By Ikuko Kao, Reuters
LONDON — Oil plummeted below US$96 a barrel on Wednesday as weekly U.S. data showed a larger than expected increase in crude inventories and falls in fuel demand.
U.S. crude fell more than US$4 to as low as US$95.95 a barrel, reversing a rise of more than US$2 to as high as US$102.84 earlier in the day. It was trading US$2.92 lower at US$97.72 a barrel by 1530 GMT.
London Brent crude was US$3.77 down at US$94.40.
Crude oil inventories in the United States, the world’s largest oil consumer, increased by 4.3 million barrels last week, data from the Energy Information Administration (EIA) showed. Analysts had expected a 2.4 million barrel increase.
“The numbers look bearish. Recent EIA data about U.S. demand has also been negative,” Mark Kellstrom, analyst with Strategic Energy Research, said.
“This probably continues to weigh on crude prices.”
The government data also showed a surprise 900,000 barrel increase in gasoline stocks, against analysts’ forecasts for a 1.6 million barrel drop. Total oil product demand over the past four weeks fell 7.1 percent from a year earlier.

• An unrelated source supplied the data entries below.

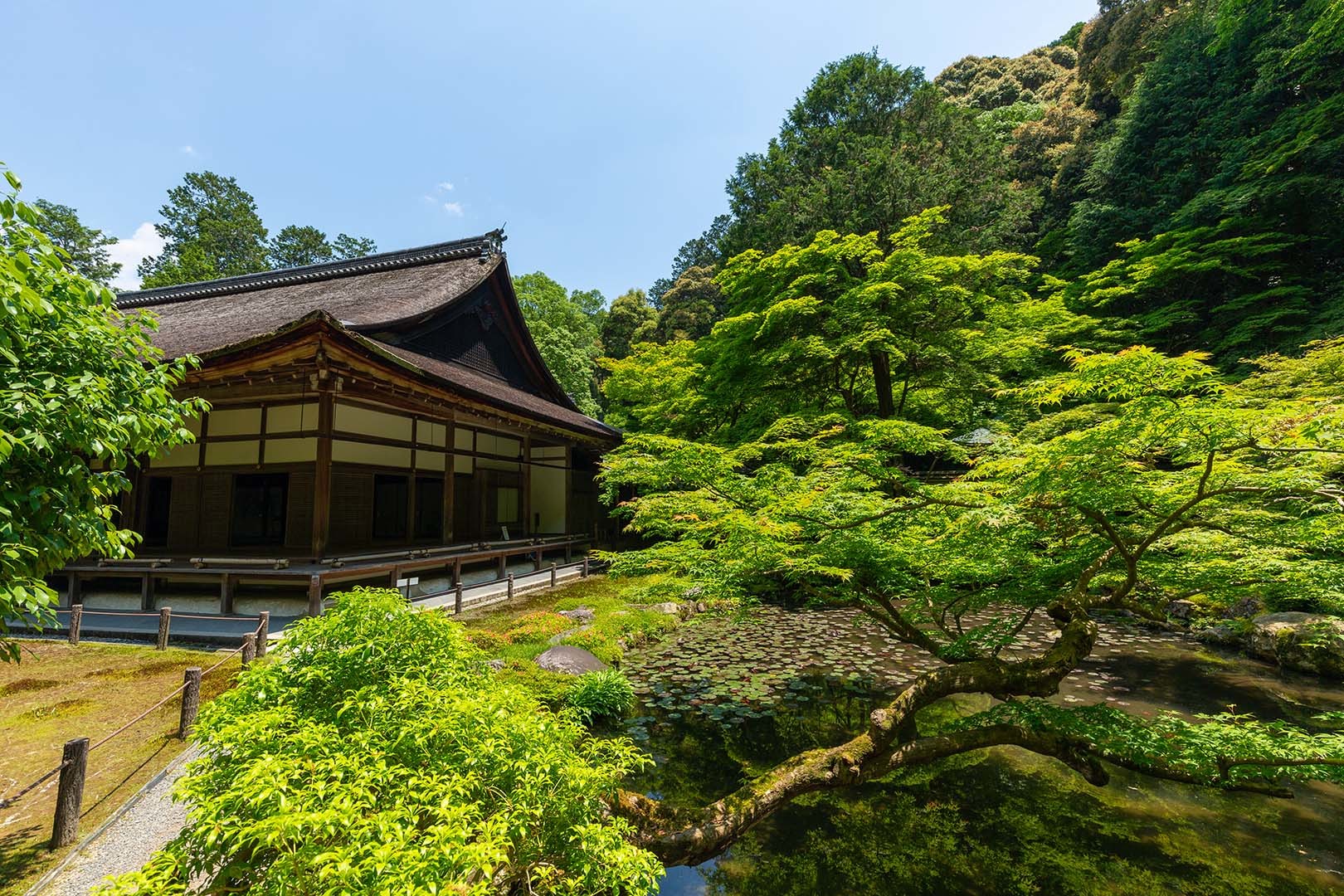 南禅院 新緑_a0003166_11264661.jpg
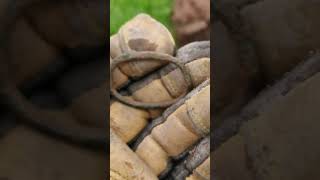 300 Year Old Buckle: Metal Detecting Wales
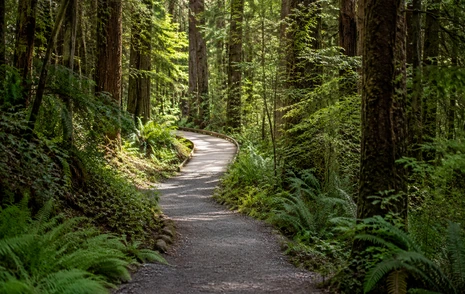 A family walking a shaded park path among tall trees in a Surrey BC neighbourhood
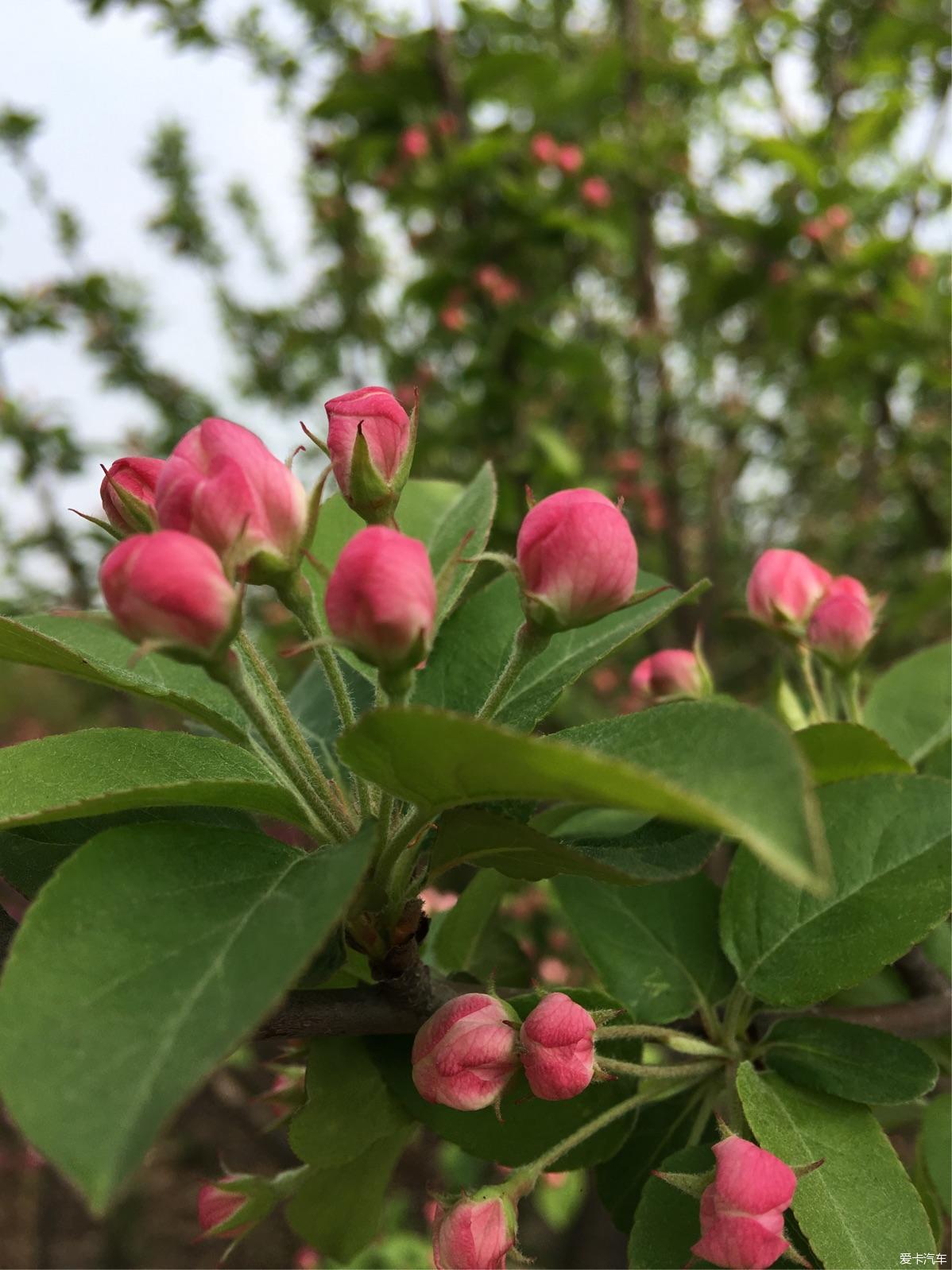 风月海棠，展现最新风采与魅力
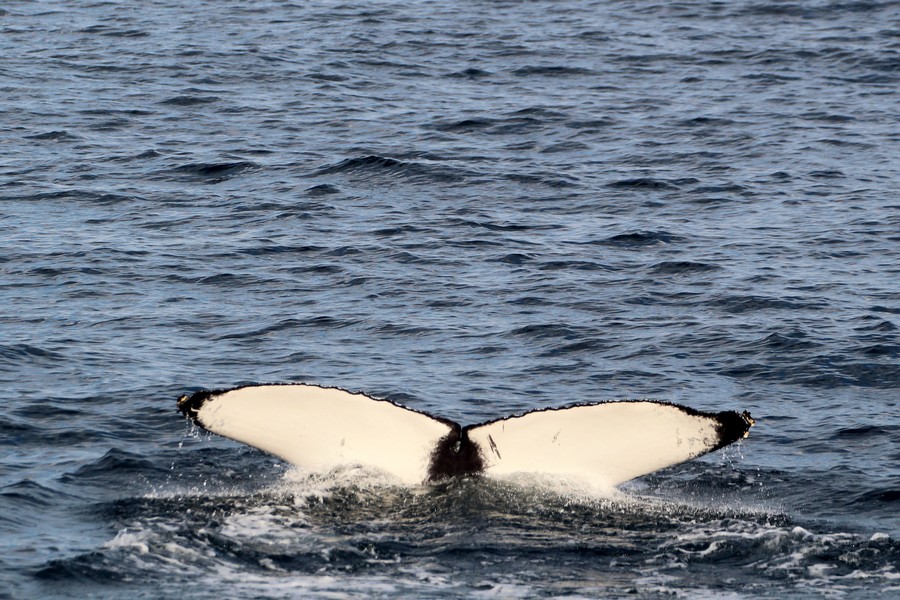 Humpback_AOP20190904-5879.jpg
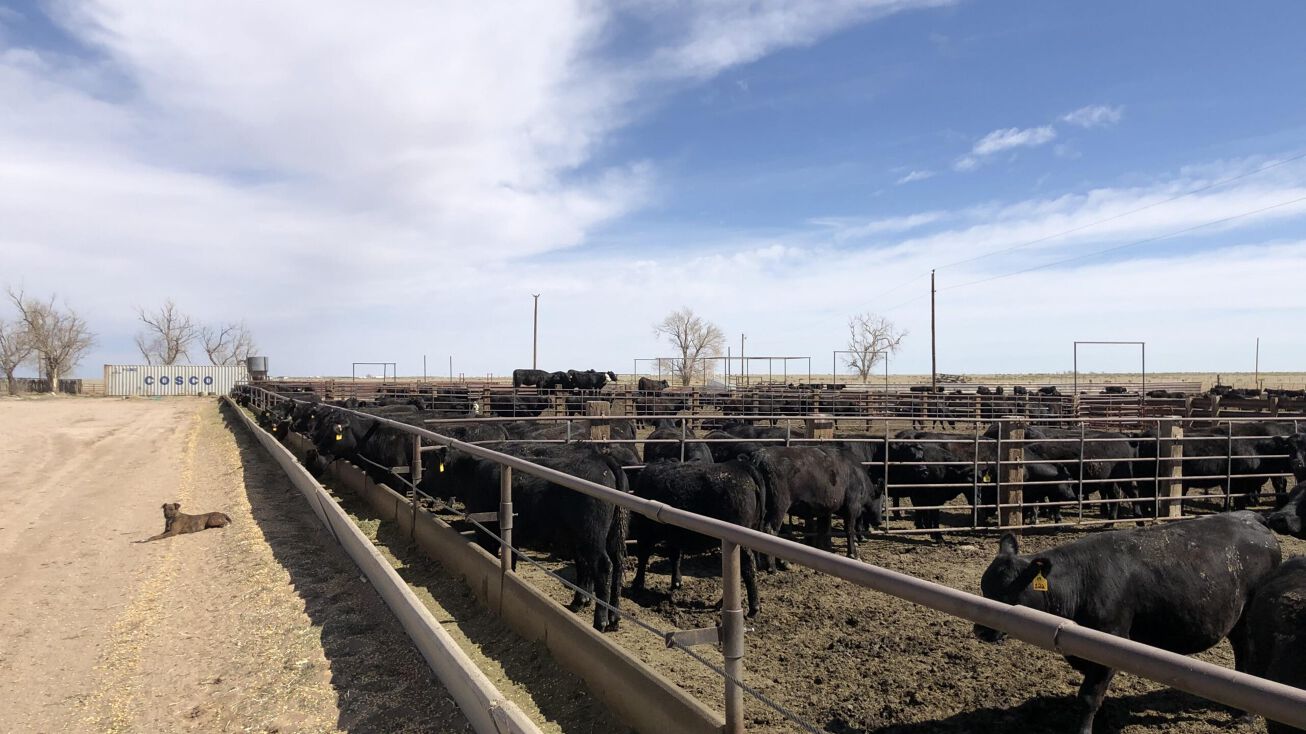 Fowler Feed Yard, Grass and Home, Olney Springs, CO 81062 Land for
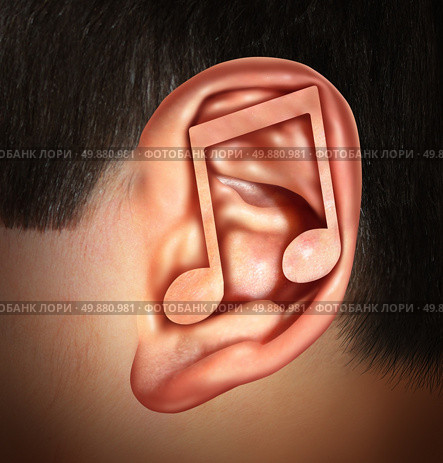 Ear for music concept and listening to entertainment audio symbol for human hearing of media as rock jazz hip hop blues and country music with a musical note shape in the anatomy as an icon of additory sense or tone deaf. Стоковое фото, агентство Ingram Publishing / Фотобанк Лори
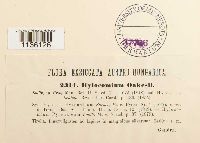 Hylocomiastrum pyrenaicum image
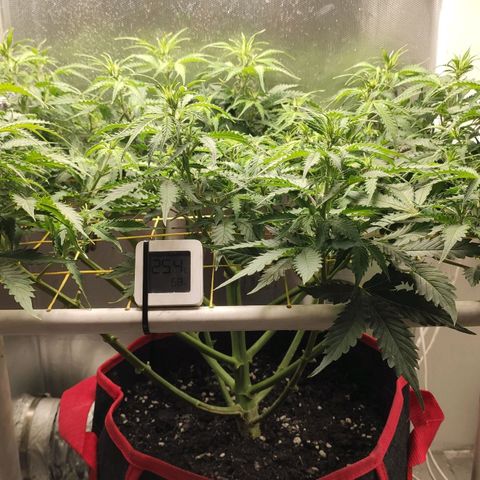 AK472 Autoflow growlog timeline photo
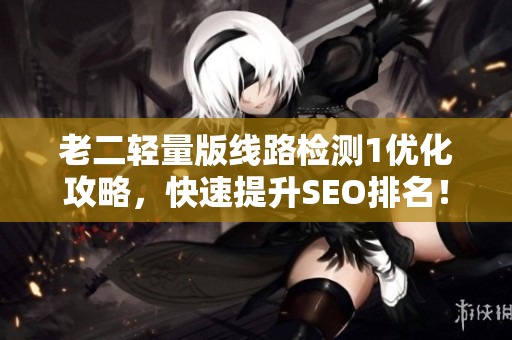 老二轻量版线路检测1优化攻略，快速提升SEO排名！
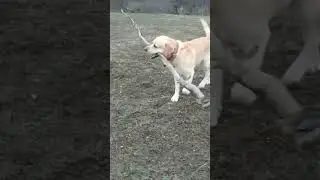 Нейрон и Палки
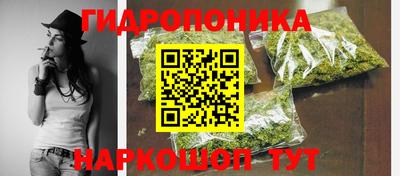 сатива Кингисепп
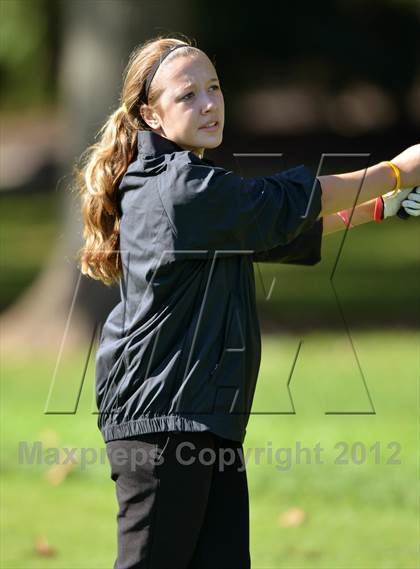 Thumbnail 1 in PIAA Girls Golf Championships photogallery.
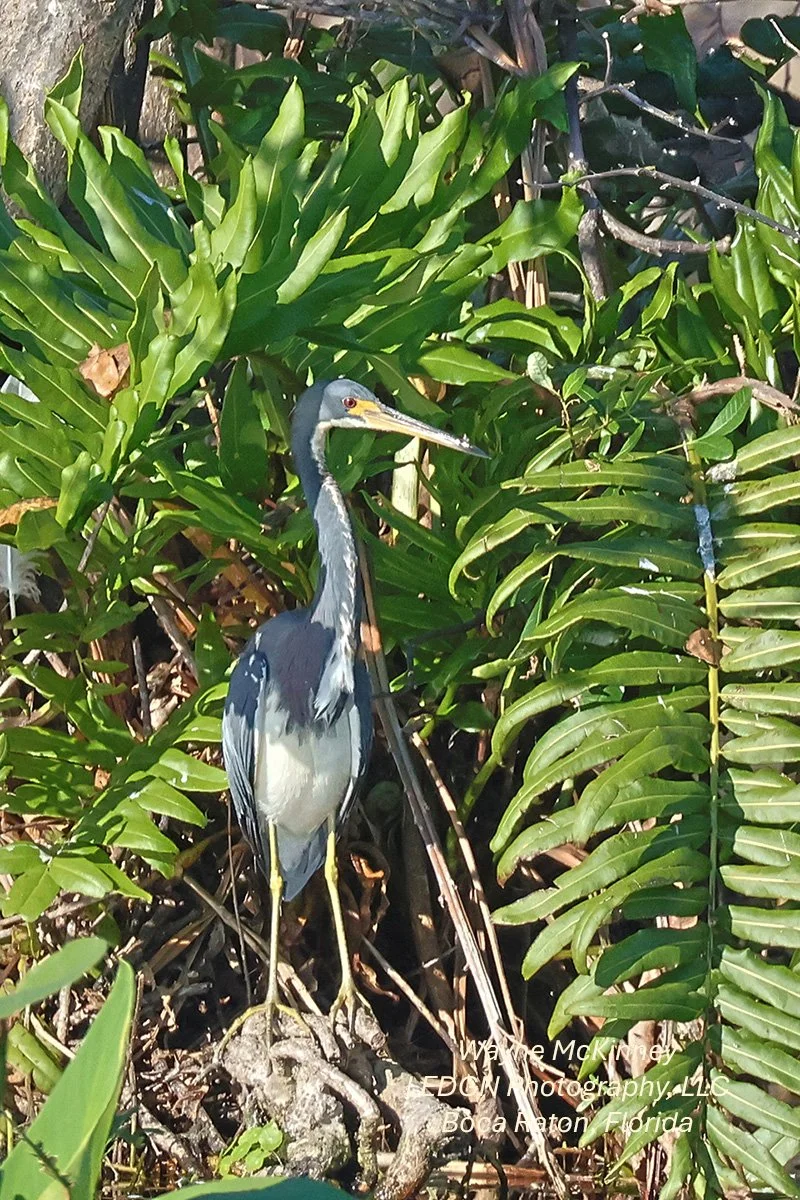 Bird Using Nature's Umbrella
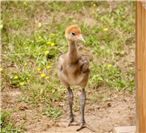 Zoo Neuwied: Nachwuchs bei den Paradieskranichen
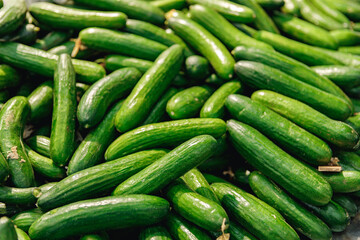 Pile of fresh cucumbers on counter in supermarket
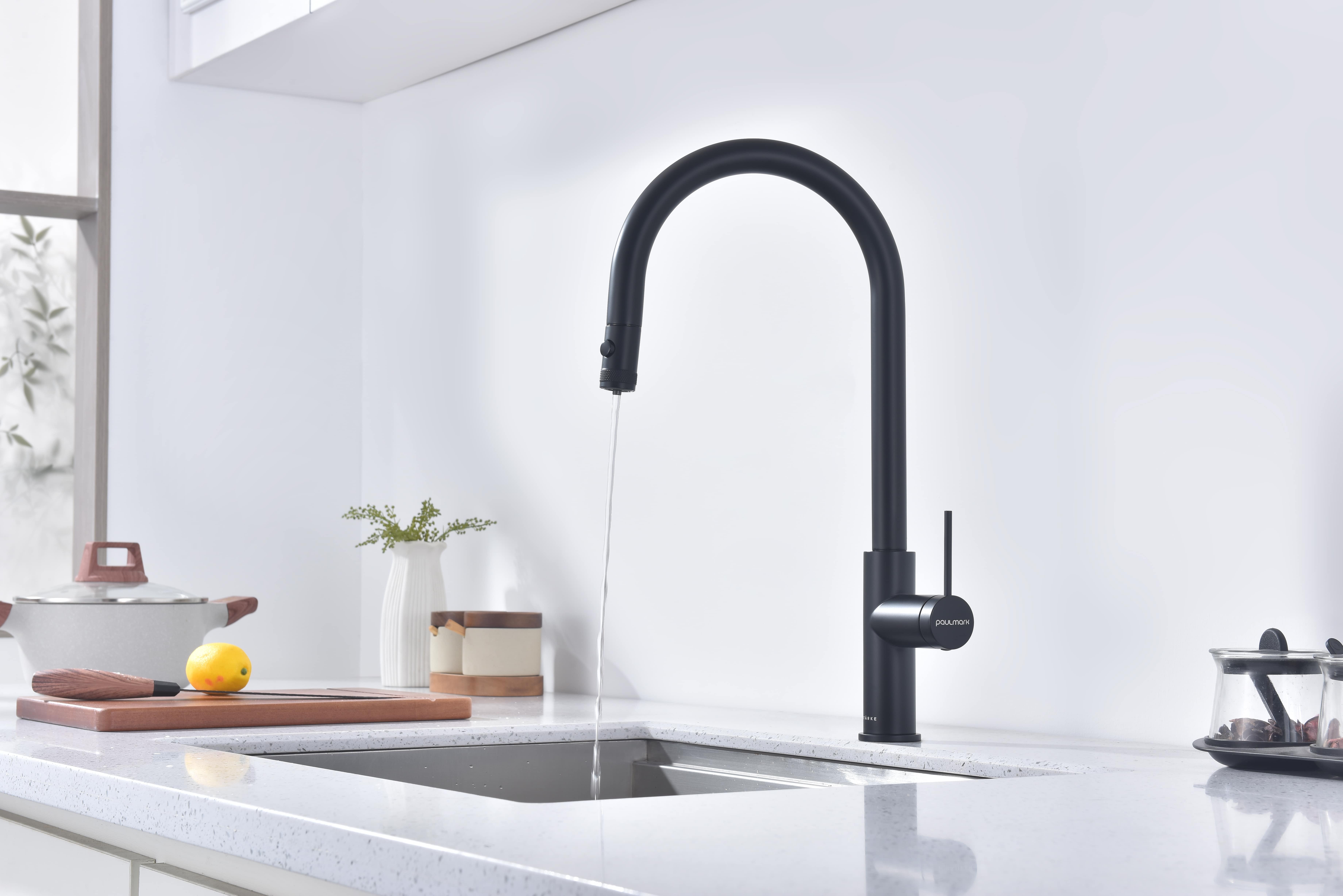 Превью картинка Смеситель для кухни Paulmark GALANT Ga213077-AN Антрацит #7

New York RBOB gasoline futures fell more sharply than crude. Heating oil futures were trading lower despite a drawdown in distillate inventories, including heating oil.
“The only supportive figure was the 2.3 million barrel drop in distillate stocks, but this bullish item should be easily overshadowed by the other data,” said Jim Ritterbusch, the president of Ritterbusch & Associates.
“All in all, a drop to below US$95 in November crude could be seen today until financials come to the rescue.” The market focus will shift to the U.S. Senate’s move on a financial bailout package.
The Senate will vote late on Wednesday on a new version of the US$700-billion rescue package for Wall Street, rekindling hopes that the credit crisis can be eased before claiming yet more banks and causing further damage to the global economy. In broader global market rallies on Tuesday, U.S. crude settled US$4.27 higher at US$100.64, rebounding from Monday’s sharp US$10 loss that was in reaction to the rejection of the original rescue plan by the U.S. House of Representatives.